THE TASK: In the data, find each line where the word "their" appears and list that line.

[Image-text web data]
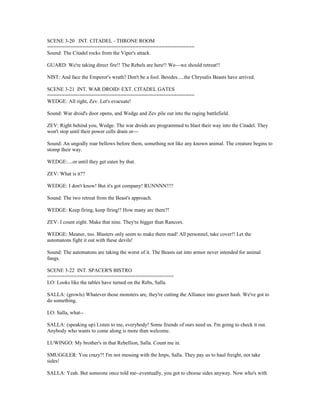 SCENE 3-20 INT. CITADEL - THRONE ROOM
==================================================
Sound: The Citadel rocks from the Viper's attack.
GUARD: We're taking direct fire!! The Rebels are here!! We---we should retreat!!
NIST: And face the Emperor's wrath? Don't be a fool. Besides.....the Chrysalis Beasts have arrived.
SCENE 3-21 INT. WAR DROID/ EXT. CITADEL GATES
==================================================
WEDGE: All right, Zev. Let's evacuate!
Sound: War droid's door opens, and Wedge and Zev pile out into the raging battlefield.
ZEV: Right behind you, Wedge. The war droids are programmed to blast their way into the Citadel. They
won't stop until their power cells drain or---
Sound: An ungodly roar bellows before them, something not like any known animal. The creature begins to
stomp their way.
WEDGE:....or until they get eaten by that.
ZEV: What is it??
WEDGE: I don't know! But it's got company! RUNNNN!!!!
Sound: The two retreat from the Beast's approach.
WEDGE: Keep firing, keep firing!! How many are there?!
ZEV: I count eight. Make that nine. They're bigger than Rancors.
WEDGE: Meaner, too. Blasters only seem to make them mad! All personnel, take cover!! Let the
automatons fight it out with these devils!
Sound: The automatons are taking the worst of it. The Beasts eat into armor never intended for animal
fangs.
SCENE 3-22 INT. SPACER'S BISTRO
===========================================
LO: Looks like the tables have turned on the Rebs, Salla.
SALLA: (growls) Whatever those monsters are, they're cutting the Alliance into grazer hash. We've got to
do something.
LO: Salla, what--
SALLA: (speaking up) Listen to me, everybody! Some friends of ours need us. I'm going to check it out.
Anybody who wants to come along is more than welcome.
LUWINGO: My brother's in that Rebellion, Salla. Count me in.
SMUGGLER: You crazy?! I'm not messing with the Imps, Salla. They pay us to haul freight, not take
sides!
SALLA: Yeah. But someone once told me--eventually, you got to choose sides anyway. Now who's with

RESPONSE BELOW:
ZEV: Right behind you, Wedge. The war droids are programmed to blast their way into the Citadel. They
won't stop until their power cells drain or---
stomp their way.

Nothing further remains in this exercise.